In modo molto semplice posso dire che il Leviatano ci racconta di come gli uomini, nel loro stato naturale (non pensate alle scimmie, parlo di uno stato naturale in quanto primario, scevro da sovrastruttura sociali, in questo caso politiche) sono in uno stato di guerra di tutti contro tutti (ma questa cosa la si sa anche per sentito dire). Nonostante questo, però, in questo stato di natura ogni persona, nel suo intimo, desidera la pace e la tranquillità. Addirittura, per Hobbes sembra che questa sia una “legge di natura”. È la paura di morire che impedisce agli uomini di mettere in pratica questo desiderio così intimo. In più, Hobbes ci dice che a causa di questa condizione di totale insicurezza e paura le persone non riescono a fare “patti”. In che senso? Nel senso che se io vivo in uno stato naturale, in cui tutti gli uomini hanno il diritto di fare tutto ed appropriarsi di tutto ciò che desiderano, anche della mia stessa vita, dovrei essere molto stupida a pensare di stringere un patto commerciale con qualcuno, col rischio magari che questo si prenda i soldi e scappi lontano senza avermi dato la merce che avevo pagato, sol perché poteva farlo e restare impunito. In uno stato del genere, dove la trovate una soluzione? Il cretino menzionato all’inizio dell’articolo direbbe ancora: “Beh, facile: pensare fuori dallo schema!”. Grazie, risponderemmo noi. Ma se tutti sono in uno stato di natura in cui è impossibile anche solo avanzare, come fai addirittura a pensare di uscire? Per Hobbes la soluzione è interna: stringere un patto speciale con tutti contemporaneamente che sottometta tutti, contemporaneamente, alla stessa sovranità. Ho detto “sovranità” e non “sovrano”, perché qui il trucco è che non importa chi “interpreta” la parte del sovrano, ma l’importante è che vi sia una sovranità che vegli sui diritti e sulle leggi. Qual è il punto? Hobbes non esce dallo schema, ma lo rovescia: io uomo cedo il mio diritto a spadroneggiare su tutto e tutti, e in cambio ottengo la realizzazione del desiderio di pace che mi governa, perché tutti assieme a me cederanno i loro diritti ad avere tutto e tutti. Hobbes ha pensato fuori dallo schema? No! Non credo ci sia esempio più calzante di questo, di uno che ha pensato assolutamente dentro lo schema e ha avuto ugualmente un’idea geniale.

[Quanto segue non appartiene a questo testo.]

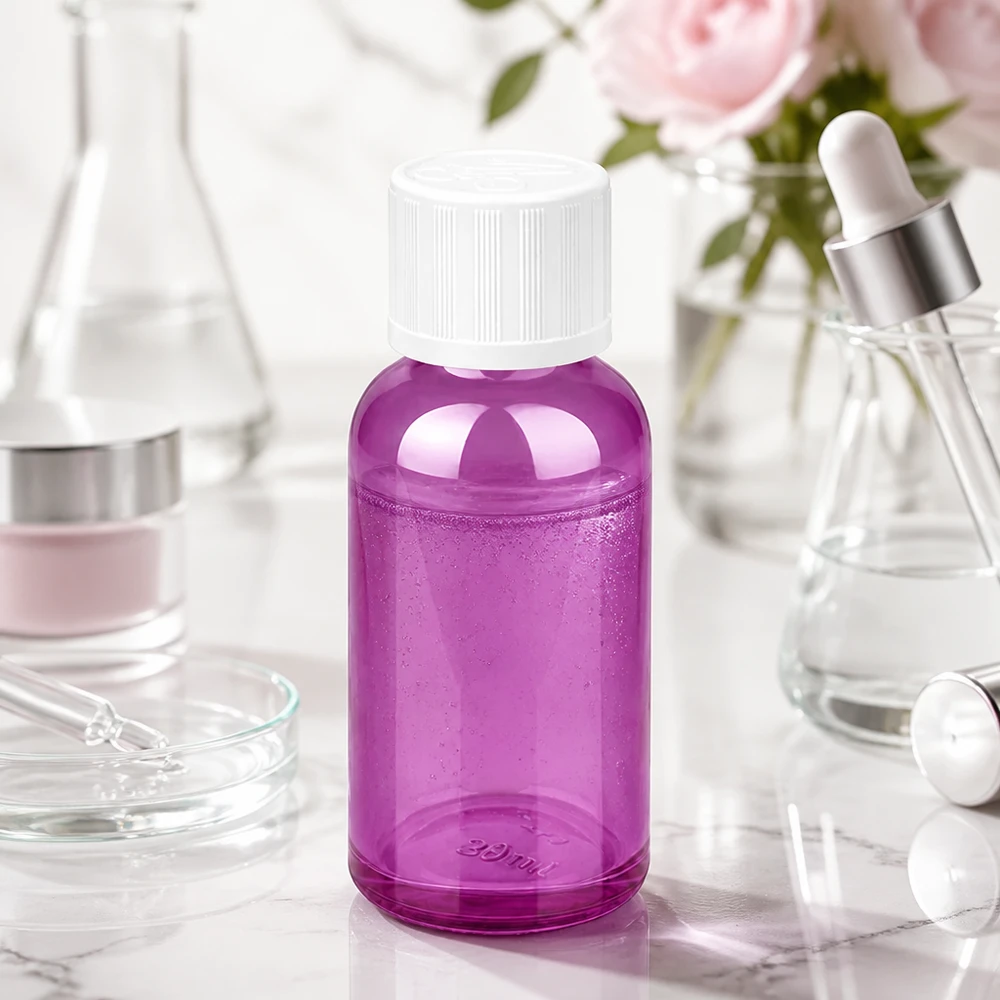 Butelka 30 ml z zakrętką 11 mm, biała, standardowa, zabezpieczona przed dziećmi PurpleLine UT18/30 Praktyczna szklana butelka 30 ml w kolorze fioletowym z otworem 11 mm ułatwiającym napełnianie i dozowanie.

Allora, in conclusione, cosa rispondere al cretino di turno che ci dice che non pensiamo abbastanza fuori dagli schemi? Gli si risponderà che lo schema lo si rovescia, lo si capovolge, lo si stravolge e lo si rivoluziona, ma tutte queste cose si fanno sempre da dentro. Perché? Perché lo schema è come il problema di matematica al liceo, quello a cui si deve dare una soluzione. Per risolvere quei problemi non c’era assolutamente bisogno di andare a cercare la soluzione nelle tracce degli altri problemi, era tutto scritto lì: aveva la sua risposta all’interno. Così le risposte alle domande del mondo (fisica, biologia, filosofia, matematica e così via) non sono altro che visioni originali della domanda cui sono accostate. Non serve pensare fuori dallo schema, ma sapersi porre le domande giuste, in modo giusto; se si è fatto questo, la risposta sarà sempre una e una sola.